A good customer, whom I had been cultivating for some time, was in the market for a mid-eighteenth-century mahogany long case clock and I tracked down a contender at an auction in the west of England. I attended the pre-auction viewing and although the clock’s movement required cleaning, it was complete and original to the case, which itself, required only minor restoration. The movement was by a good provincial maker and the case was attractive and well made, so while I hung around for the lot to come up, I wandered round the saleroom in the event I had overlooked something in the catalogue.
There was a relaxed looking group of men near the door who were talking loudly and sharing the occasional witticism with a couple of the porters. Each clutched a well thumbed catalogue with figures scribbled in the margins beside specific lots; the evidence of the completion of the first part of their day’s illegal activities. This was the local ring – ‘The Boys’.
Some were runners in the trade and some were themselves, dealers. All of them were intrinsically after the same desirable lots, but rather than standing toe-to-toe, slugging it out with each other with prices escalating at every flick of the auctioneer’s wrist, ring members connive not to bid against one another. In stead, a few of them would take turns bidding for their chosen lots which, barring keen outside bidders, they would ultimately secure for unrealistically low prices – the second part of their day’s operation.
The final act – the knockout – takes place after the auction, either in the car park (usually in a Volvo estate; its windows all steamed up), or a quiet corner of a pub, where the items, bought cheaply at the saleroom, are re-auctioned amongst the ring members. The opening bids are the saleroom prices and when all the bidding has wound up, the profits (the difference between the saleroom prices and the ring members’ final bids) are shared equally between the ring members.
Despite The Boys’ interference, I bought my clock (I had a waiting customer and a healthy budget). After concluding my purchase in the saleroom office, I walked to my car, past the inimical gazes of the five ring members. I made a mental note of their vehicles.

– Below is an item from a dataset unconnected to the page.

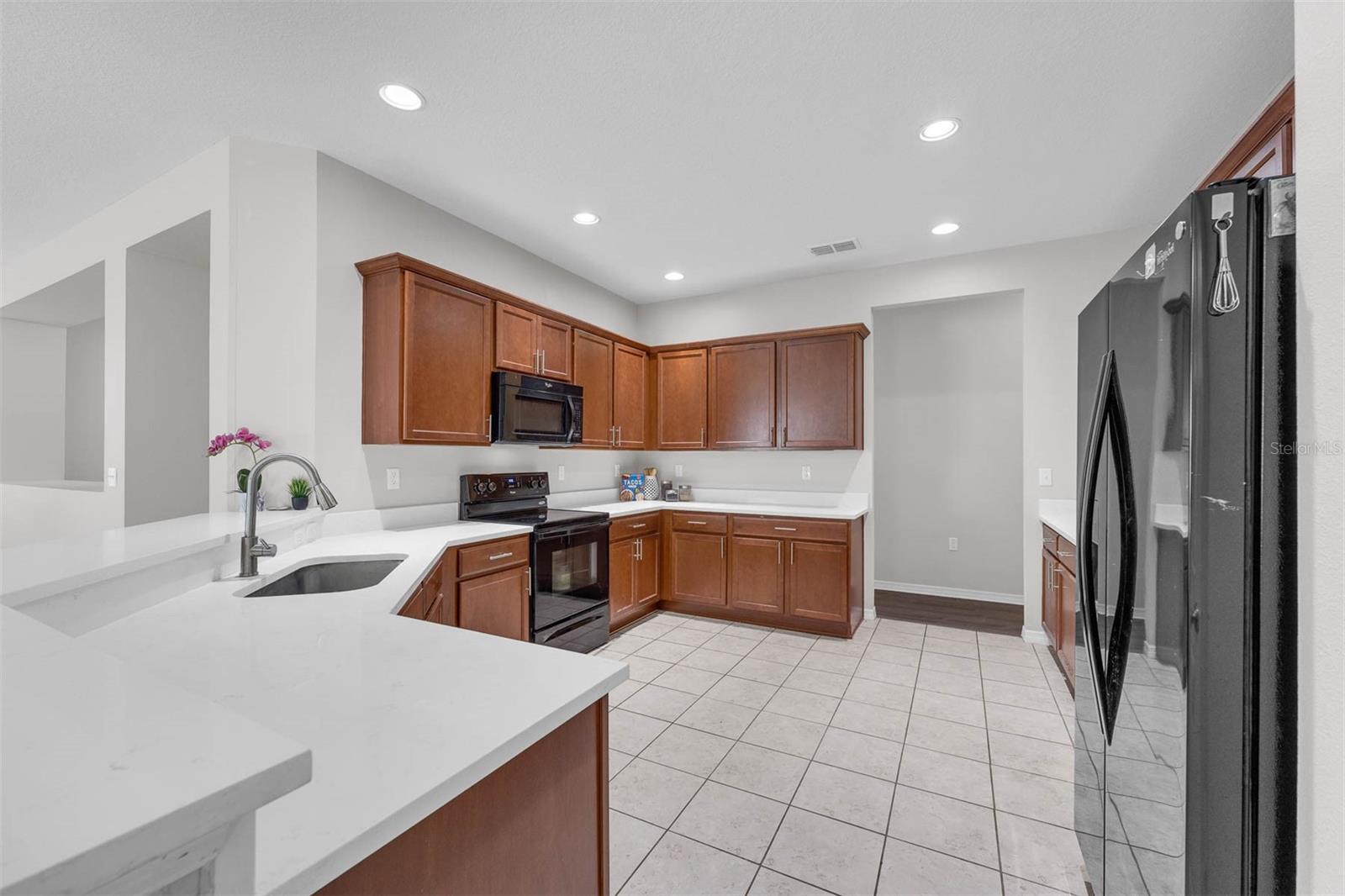 SHINGLE CREEK RESERVE AT THE OAKS PH 3 & 4 - Residential Lease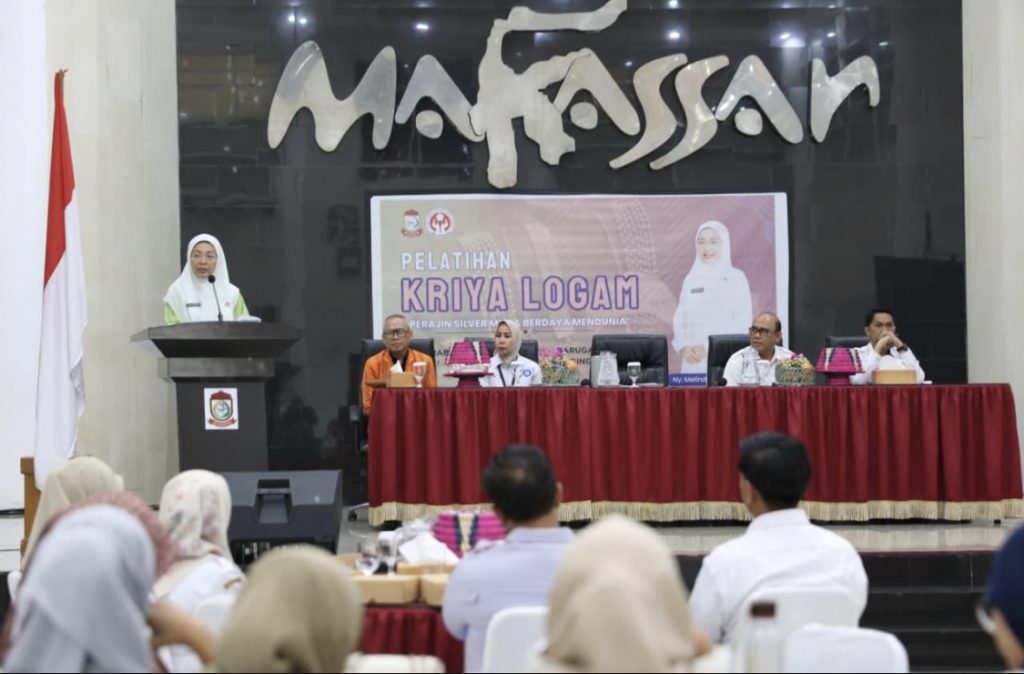 Melinda Aksa Dorong Kreativitas dan Daya Saing Perajin Lewat Pelatihan Kriya Logam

A few weeks later I had occasion to attend a second auction in the same county. I was on another mission; a superb pair of George III mahogany sofa tables.
A few miles before the saleroom, I came upon the local pub and there in the corner of the car park were five familiar-looking cars and vans. The Boys were presumably within, enjoying a pre-auction cup of coffee and plotting their day’s strategy.
I was far from home and had arranged to stay the night nearby with a friend who restored old houses for a living. Nick had previously expressed an interest in learning more about antiques, so I called him and suggested, if he was free, that he join me for a look around the auction. I think Nick genuinely enjoyed himself and I also came away happy having bought the pair of sofa tables and a Chippendale period breakfast table.
We drove to the pub for a pint and a ploughman’s, and there sighted The Boys in the corner; sitting round a table covered with seemingly, dozens of empty glasses and bottles. As recognition slowly washed across their faces, they looked even more repugnant than on our previous encounter.
Nick and I enjoyed a second pint before walking outside into the bright sunshine. The Boys’ vehicles (unfortunately blocked in by a rather large van and twin-axle trailer) hadn’t budged an inch all day. Nick walked towards the van and removed a note from beneath one of the windscreen wipers. It read “MECHANIC IS ON HIS WAY”.
“OK…” said Nick as he climbed into the van and started it up “… follow me!”